Zunächst sollen ca. 5000 Fotos digitalisiert und ins Internet gesetzt werden,
wobei die digitale Verwaltung, Präsentation, Zugangs- und
Veröffentlichungsregelung an den Beispielen bereits existierender
Bilddatenbanken orientiert werden soll. Die digitale Erschließung des
Fotobestandes ist auch deshalb besonders dringend, weil die Benennung der
fotografierten Personen und Ereignisse nur durch Zeitzeugen erfolgen kann, die
allmählich "wegsterben".
<9> Neben diesen dringendsten Projekten
verfolgt das ZADIK weitere digitale Vorhaben, wie etwa, gemeinsam mit dem
sachverwandten Archiv für moderne Kunst Nürnberg, die Einrichtung einer
Nationalen Künstlerdatenbank, in welcher sämtliche Dokumente aus den
Beständen des Archivs für moderne Kunst Nürnberg und dem ZADIK, die sich auf
dem Gebiet der Künstlerdokumentation (jenseits der bloßen bibliothekarischen
Dokumentation) vorzüglich ergänzen, aufgelistet und, wenn möglich, online
einsehbar gemacht werden sollen.
<10> Die tägliche Archivarbeit im ZADIK mit den meist papierenen
Dokumenten schärft den Blick für die archivarischen Probleme, die sich aus der
derzeitigen medialen Revolution ergeben. Große Teile der Geschäfts- und
Künstlerkorrespondenz erfolgen heute übers Internet. Vorbei sind die Zeiten,
in denen Max Ernst noch kleine Zeichnungen auf seine Briefe malte,
ganz zu schweigen von den kalligraphischen Explosionen auf dicken
Büttenpapieren von Georges Mathieu - aber demnächst werden die Künstler,
wenn sie die neuen Medien besser beherrschen, vielleicht kleine Bilddateien
anhängen oder kleine digitale Kunstscherze erfinden.
<11>
Einstweilen aber gehen
digitale Korrespondenzen ebenso verloren wie die per E-Mail verschickten
Ausstellungseinladungen oder die Homepages der Galerien, die an die Stelle der
früheren konventionellen Öffentlichkeitsarbeit auf Papier getreten sind.

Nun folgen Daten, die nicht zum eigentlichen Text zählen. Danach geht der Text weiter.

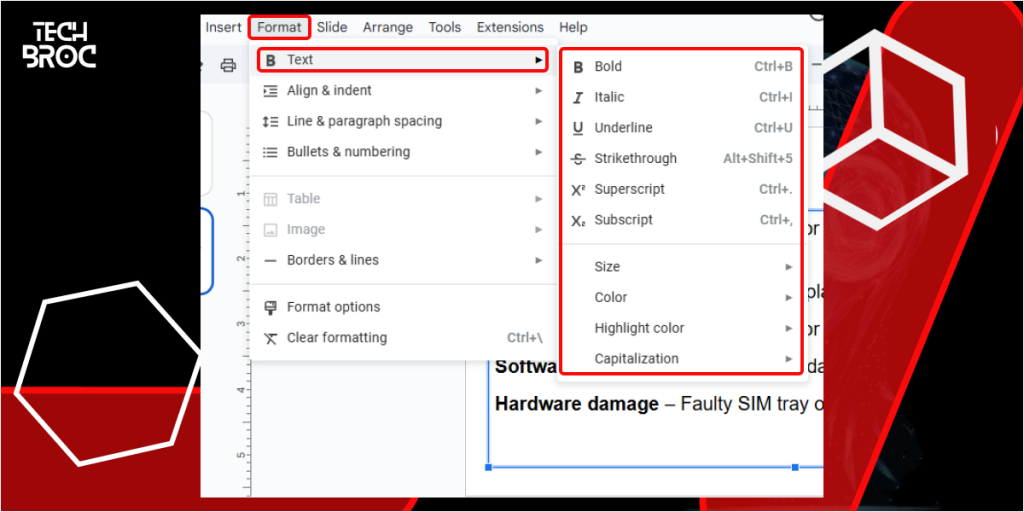 Use the auto fit option to Wrap Text in Google Slides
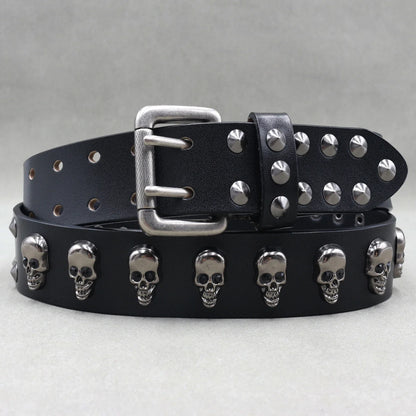 Men’s Designer Rivet Belt – Genuine Cowhide Leather Punk Rock Pin Belt for Jeans, Luxury Black Leather Belt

Aus
den Gesprächen mit den Galeristen ergibt sich, dass kaum jemand daran denkt,
diese digitalen Dokumente zu archivieren. Hier bemüht sich das ZADIK, ein
Bewusstsein für die Notwendigkeit der Archivierung auch der digitalen
Geschäftsdokumente zu entwickeln und entwickelt zur Zeit ein Projekt zur
zentralen digitalen Archivierung der Homepages der Galerien und Auktionshäuser
und zur zentralen digitalen Archivierung der Online-Auktionskataloge.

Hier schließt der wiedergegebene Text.